Lines from the one containing "Sprzedam Kuca, Podkarpackie, Broniszów" through the last line of the data are to be returned exactly, both ends included, minus any pictures.

TASK DATA: Begin

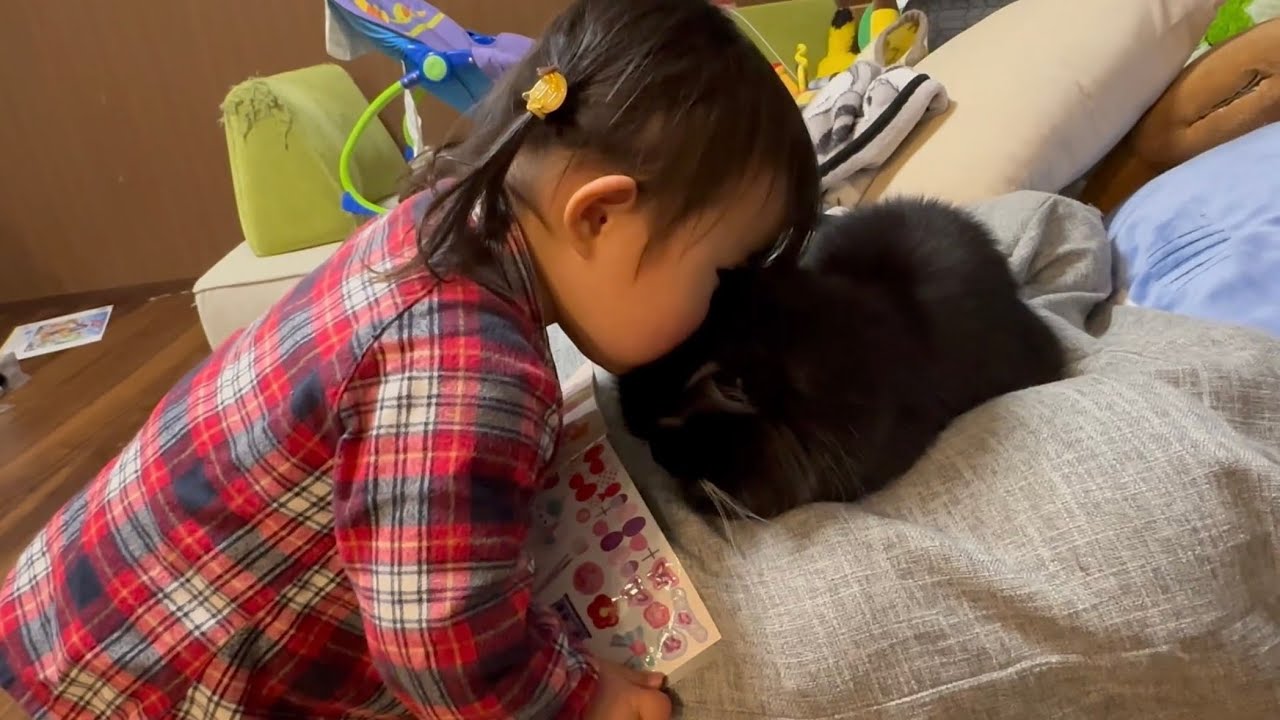 夕食風景を見に行ったら、シールブックを見せられた猫　ラガマフィンA cat being shown a sticker book. Ragamuffin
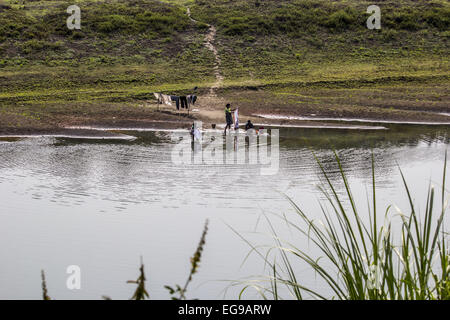 Sivasagar, Assam, Inde. Feb 20, 2015. Les femmes indiennes de chiffons de lavage en utilisant l'eau de Disang, un affluent du Brahmapoutre dans un village dans le nord-est du district de Sivasagar Assam state le 20 février. 2015. © Luit Chaliha/ZUMA/ZUMAPRESS.com/Alamy fil Live News Banque D'Images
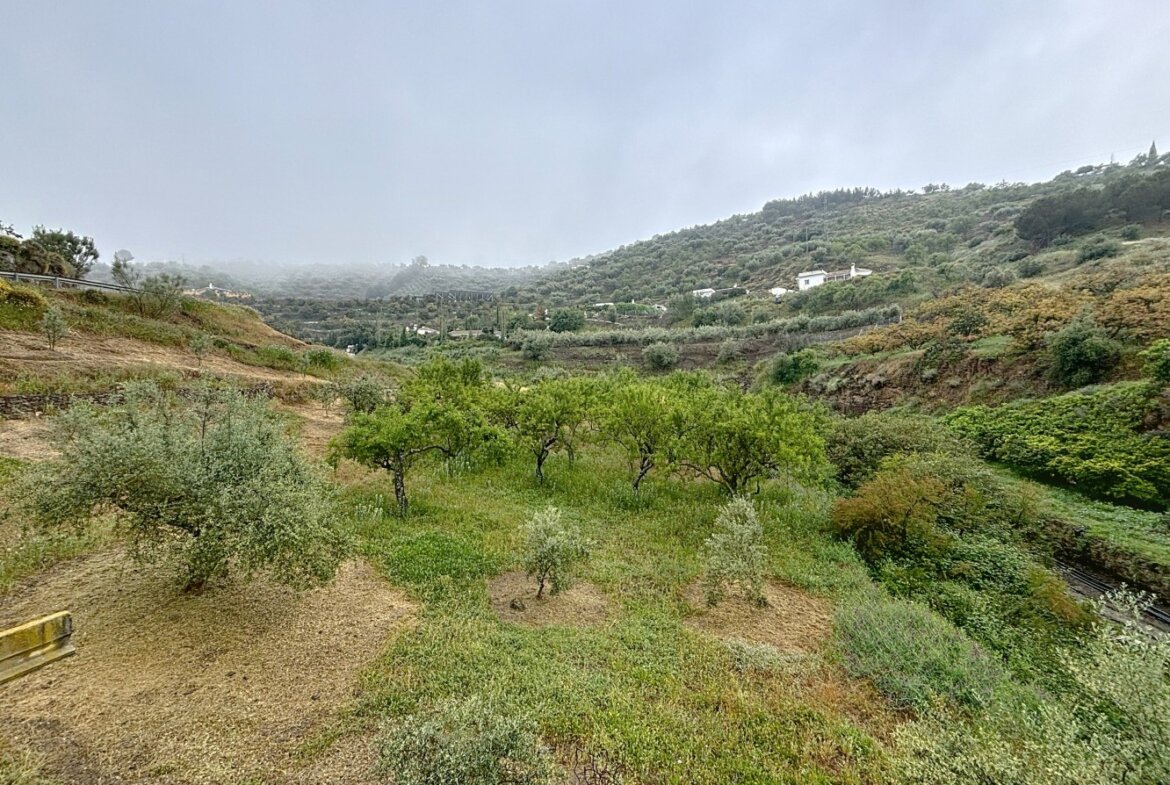 Commercieel vastgoed te koop in Arenas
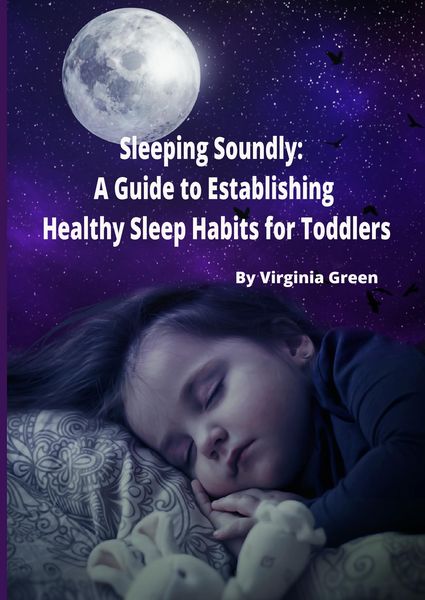 Produktbild: Sleeping Soundly: A Guide to Establishing Healthy Sleep Habits for Toddlers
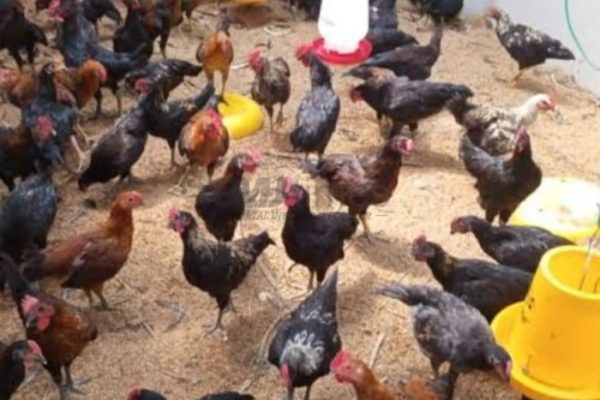 Peternakan ayam kampung di Pati, Kab. Pati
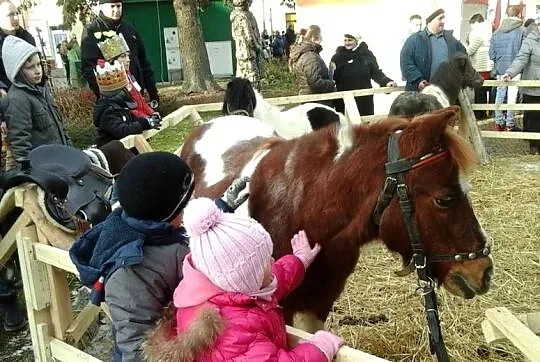 Sprzedam Kuca, Podkarpackie, Broniszów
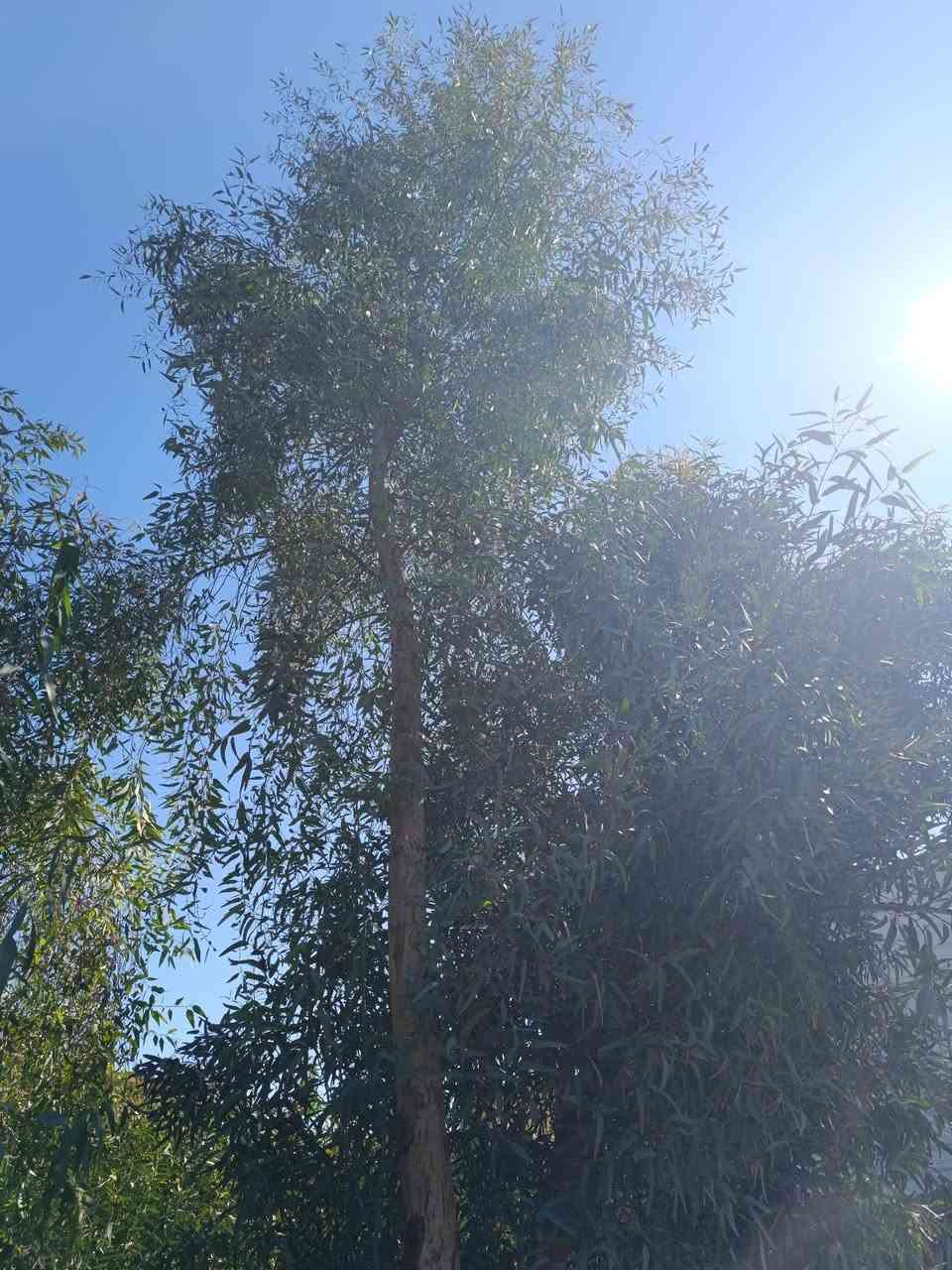 🌿🔥 فرصة لا تعوض – شتلات الكالبتوز الأصلية 🔥🌿

تعبت من الحر؟ الحشرات؟ أو حديقة بدون روح؟
الحل بين إيدك الآن 👇

🌳 شجرة الكالبتوز (Eucalyptus)
واحدة من أسرع الأشجار نمواً في العالم!

✔ نمو سريع جداً (تشوف فرق واضح خلال أشهر)
✔ ظل قوي يبرد المكان بشكل طبيعي 🌬️
✔ تساعد على طرد البعوض والحشرات 🦟
✔ تعطي شكل فاخر وحديث لحديقتك ✨
✔ مناسبة للبيوت، المزارع، والاستراحات

💰 استثمار ذكي أيضاً:
تنمو بسرعة وتصلح للاستخدام كخشب مستقبلاً

🎁 عرض خاص:
عند شراء 10 شتلات → تحصل على 2 مجاناً!

📞 للحجز والاستفسار: راسلنا خاص 
او اتصل على الرقم ***********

TASK DATA: End

SOLVED EXERCISE ::
 Sprzedam Kuca, Podkarpackie, Broniszów
 🌿🔥 فرصة لا تعوض – شتلات الكالبتوز الأصلية 🔥🌿

تعبت من الحر؟ الحشرات؟ أو حديقة بدون روح؟
الحل بين إيدك الآن 👇

🌳 شجرة الكالبتوز (Eucalyptus)
واحدة من أسرع الأشجار نمواً في العالم!

✔ نمو سريع جداً (تشوف فرق واضح خلال أشهر)
✔ ظل قوي يبرد المكان بشكل طبيعي 🌬️
✔ تساعد على طرد البعوض والحشرات 🦟
✔ تعطي شكل فاخر وحديث لحديقتك ✨
✔ مناسبة للبيوت، المزارع، والاستراحات

💰 استثمار ذكي أيضاً:
تنمو بسرعة وتصلح للاستخدام كخشب مستقبلاً

🎁 عرض خاص:
عند شراء 10 شتلات → تحصل على 2 مجاناً!

📞 للحجز والاستفسار: راسلنا خاص 
او اتصل على الرقم ***********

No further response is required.